PROVIDED INFORMATION =
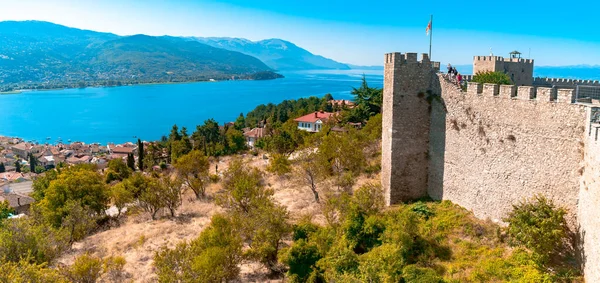 Vista panorámica de Ohrid desde la fortaleza de Samuels — Foto de Stock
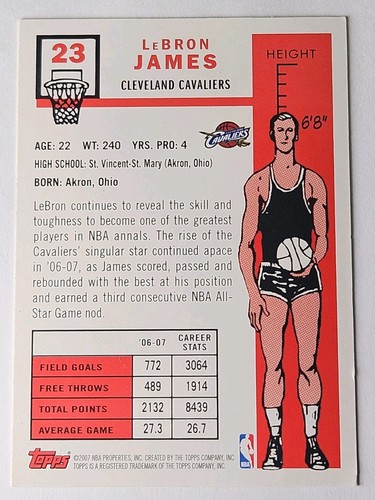 2007-08 Topps 50th ANNIVERSARY 1957-58 VARIATION RETRO #23 LeBRON JAMES MINT - Picture 2 of 2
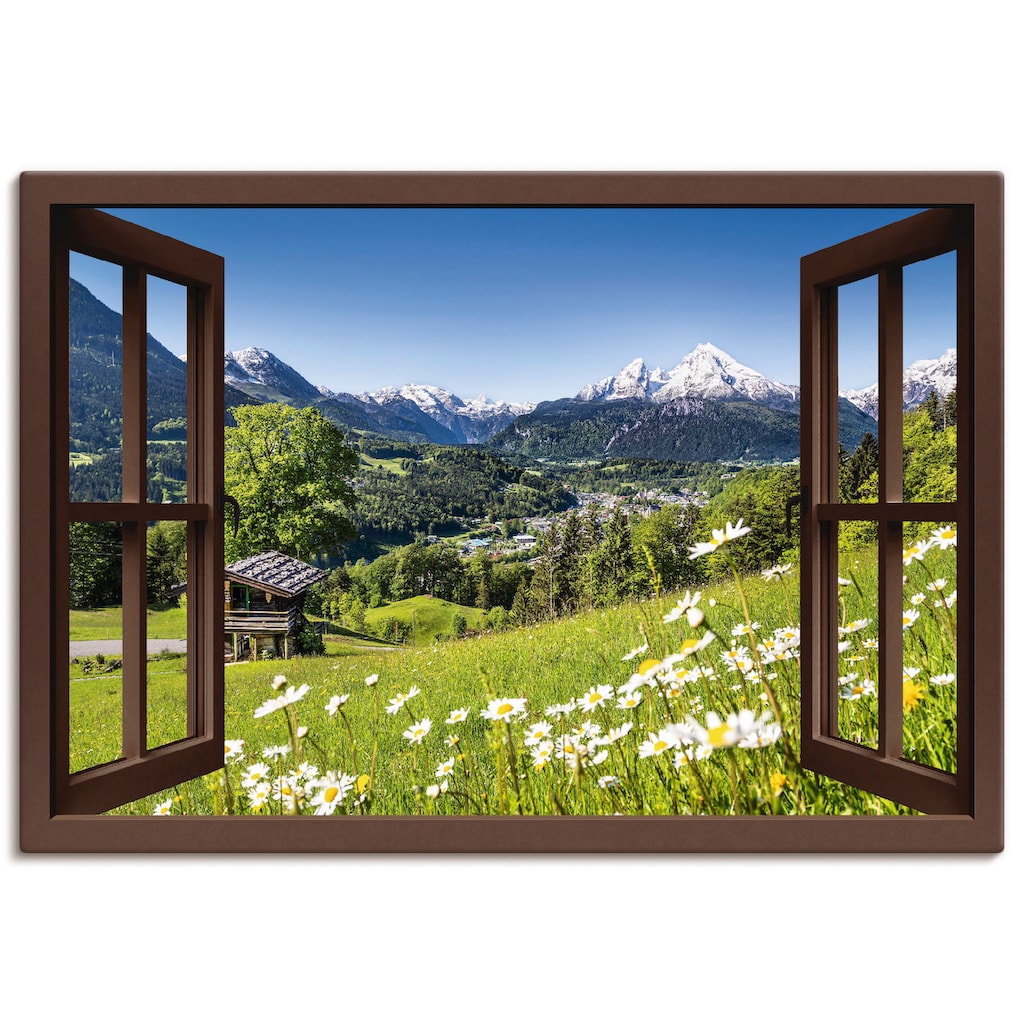 Artland Wandbild »Fensterblick Bayerischen Alpen«, Berge, (1 St.)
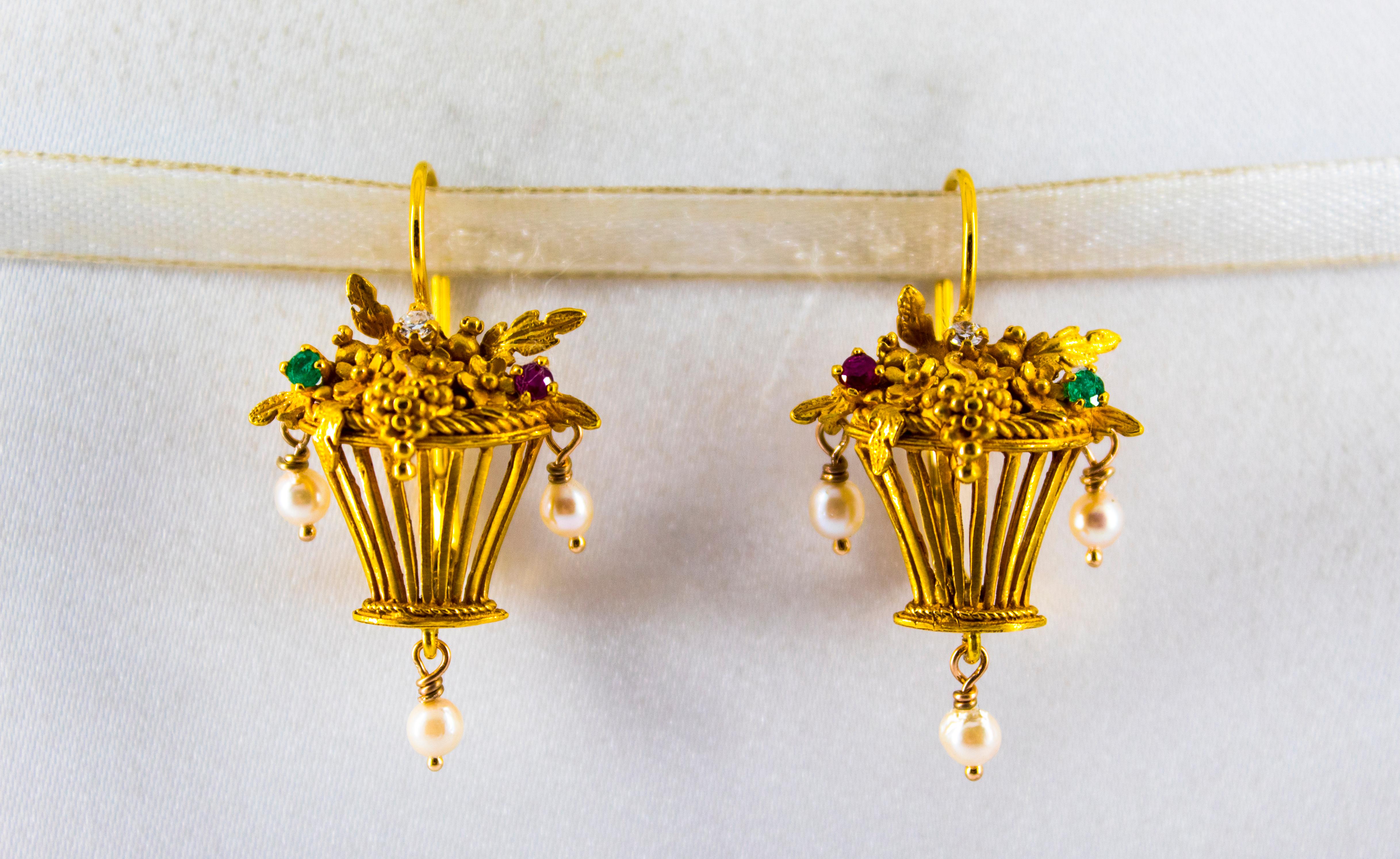 Art Nouveau 0.30 Carat White Diamond Emerald Ruby Pearl Yellow Gold Lever-Back Earrings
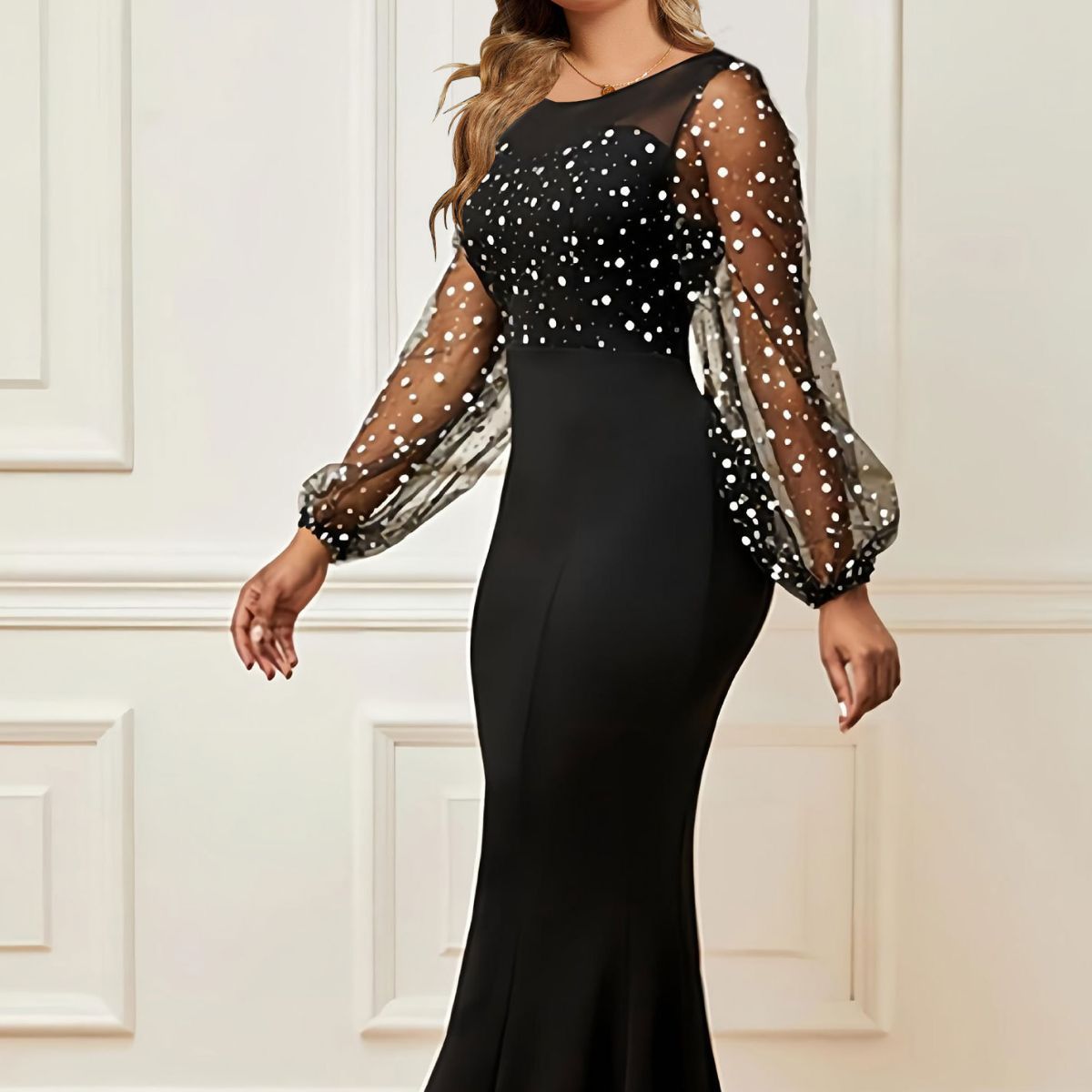 Mesh Patchwork Dress Women's Fashion Round Neck Long Sleeves Slim Elegant Dress Maxi Dress 8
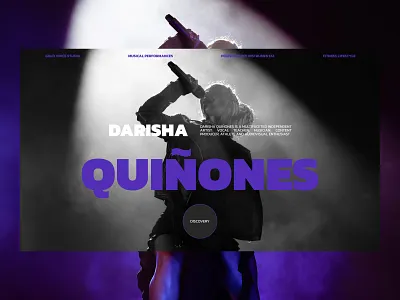 Hero Section - Darisha Quiñones art directed darisha quiñones design editorial design graphic design hero section music musician singer ui user interface web design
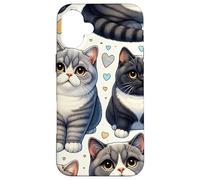 Bellissimo modello di gatti carino gattini britannici a pelo corto Custodia per iPhone 16 Plus
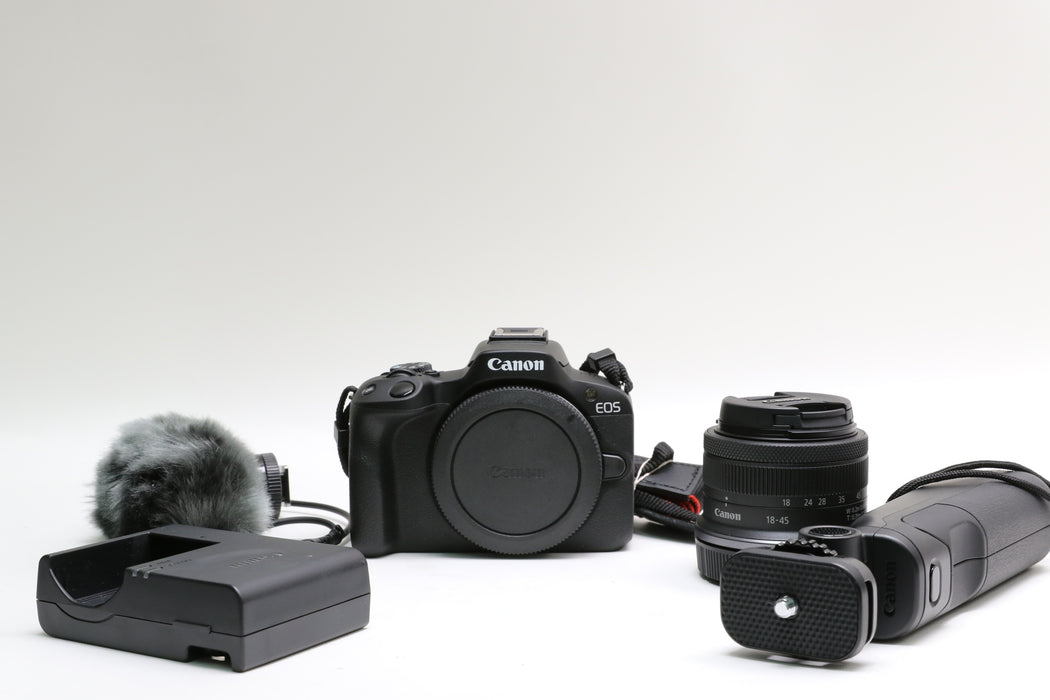Canon EOS R50 Camera w/ 18-45mm Lens, DM-E100 Mic, Canon Tripod, BR-E1 Remote!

PROBLEM TO WORK ON = Copy the listing above in full and exactly, but omit each picture that it holds.

RESPONSE BOX =
 Vista panorámica de Ohrid desde la fortaleza de Samuels — Foto de Stock
 2007-08 Topps 50th ANNIVERSARY 1957-58 VARIATION RETRO #23 LeBRON JAMES MINT - Picture 2 of 2
 Artland Wandbild »Fensterblick Bayerischen Alpen«, Berge, (1 St.)
 Art Nouveau 0.30 Carat White Diamond Emerald Ruby Pearl Yellow Gold Lever-Back Earrings
 Mesh Patchwork Dress Women's Fashion Round Neck Long Sleeves Slim Elegant Dress Maxi Dress 8
 Hero Section - Darisha Quiñones art directed darisha quiñones design editorial design graphic design hero section music musician singer ui user interface web design
 Bellissimo modello di gatti carino gattini britannici a pelo corto Custodia per iPhone 16 Plus
Canon EOS R50 Camera w/ 18-45mm Lens, DM-E100 Mic, Canon Tripod, BR-E1 Remote!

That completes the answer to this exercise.